If you’re not familiar, it stands for Cannibalistic Humanoid Underground Dwellers. You can guess at the plot. I was terrified, and I had nightmares for weeks. I remember that I wouldn’t go into my grandparent’s basement for a while, because all basements were connected by an underground that the Dwellers came from, at least that’s how I remember it. It was, at least in my memory, surreal, seeing the awfulness unfolding on the screen as I tried to shield myself, as my sister and cousin were giggling and gasping at the most graphic parts even while at the same time my Grandpa alternated between chuckles and all out belly laughs. And I realize now as an adult, I loved it.

And that wasn’t the end of it. Much to the chagrin of my mom, if she knew at the time (sorry mom), I saw lots of movies as a child that, well, a child shouldn’t. My dad introduced us to Apocalypse Now and Predator. With Grandpa we walked on Elm Street and stayed at Camp Crystal Lake. When my little sister came along we discovered that she loved Tremors, which was often watched multiple nights in a row. In the public library I discovered Lovecraft, and then even my mom jumped in pulling me into Anne Rice and Michael Crighton. All this before I even reached my teens.

Even today my older sister and I love horror.
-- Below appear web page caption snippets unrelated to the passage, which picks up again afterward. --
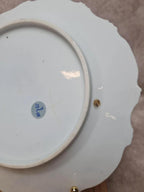 Lot de 2 assiettes anciennes décor japonisant peint main – relief & dorure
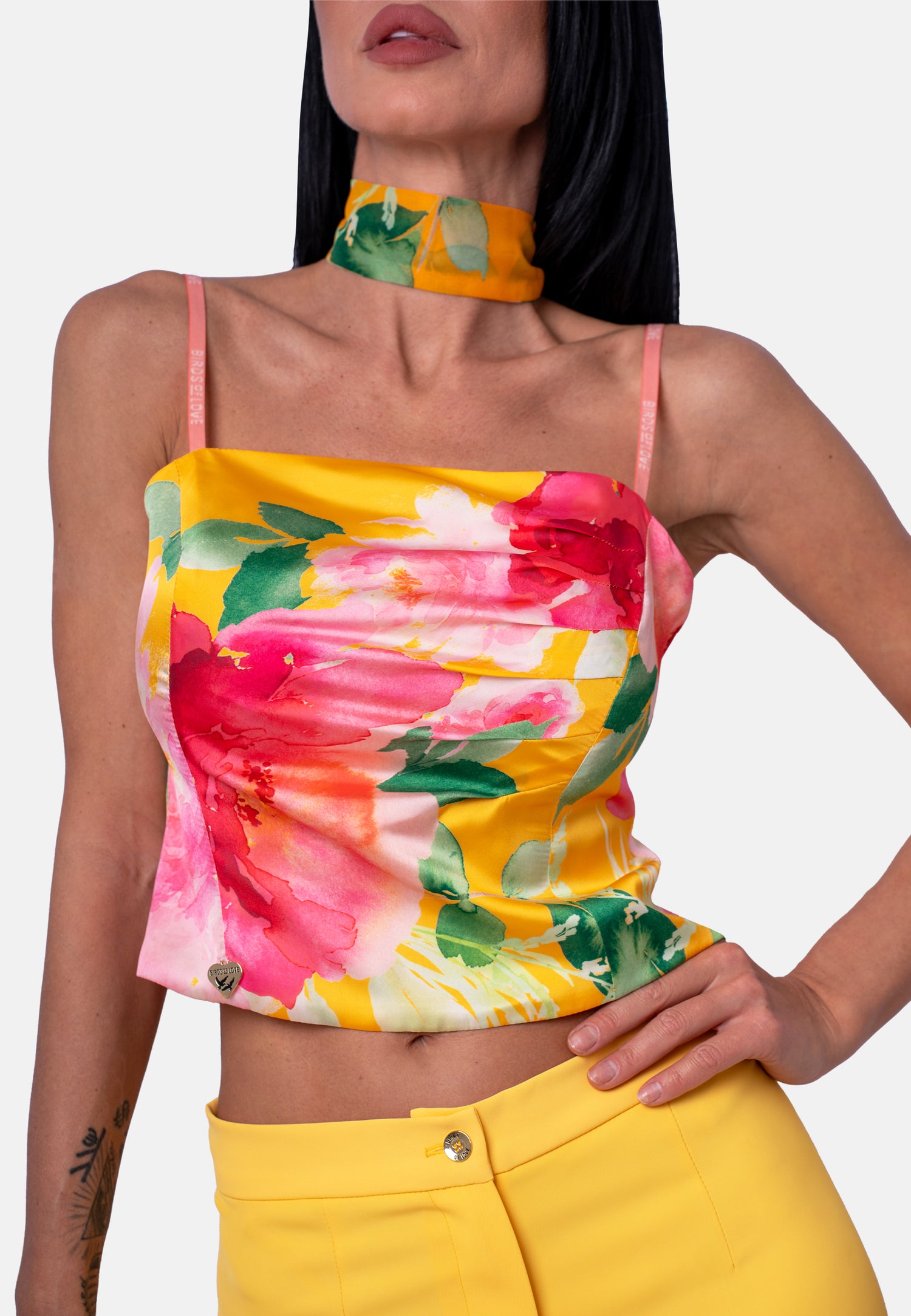 Top mit Blumenprint in Gelb
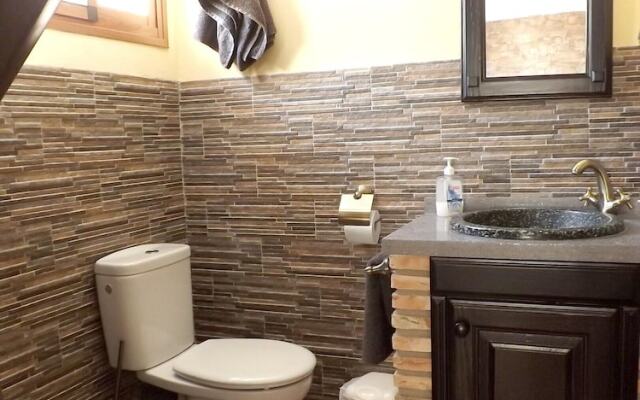 Villa With 5 Bedrooms in La Guardia de Jaen, With Wonderful Mountain V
She’ll tell you that she watches Shudder and the sometimes more terrifying ID channel late at night when she can’t sleep, and instantly makes time for any found footage flick she learns about. I read horror and play horror video games and tabletop games and even watch horror themed Youtube videos as I pleasantly doze off on the couch most nights, and sometimes even for the odd daytime nap.

Okay so yeah, some people might think it was a poor move to subject us to that level of horror at that age, but they are stories. Cartoons as my Grandpa would say, and while my family weren’t much for bedtime stories, we loved our movies and TV, and the one thing they did well was teach us the difference between fantasy and reality. Between the story, and real life. I feel that did a lot to balance us as people, regardless of how we may have responded to it at the time. So yes, while it might be a little odd for people to share a movie theater with me or my sister, or God forbid both of us, and experience our cackles and howls of laughter when the Alien bursts out of a spacer’s chest or the ghost pulls jump scare after jump scare, we can’t help it. It’s fun. It’s a story, and for us, a comfortable friend. Our childhood bedtime story.

Because of all this, I find myself now as an adult being drawn to unconventional bedtime stories like Cliffourd the Big Red God or The Antarctic Express, and if I had children I would try to expose them to as much as I could, while all the time remembering, and teaching them that stories are just that.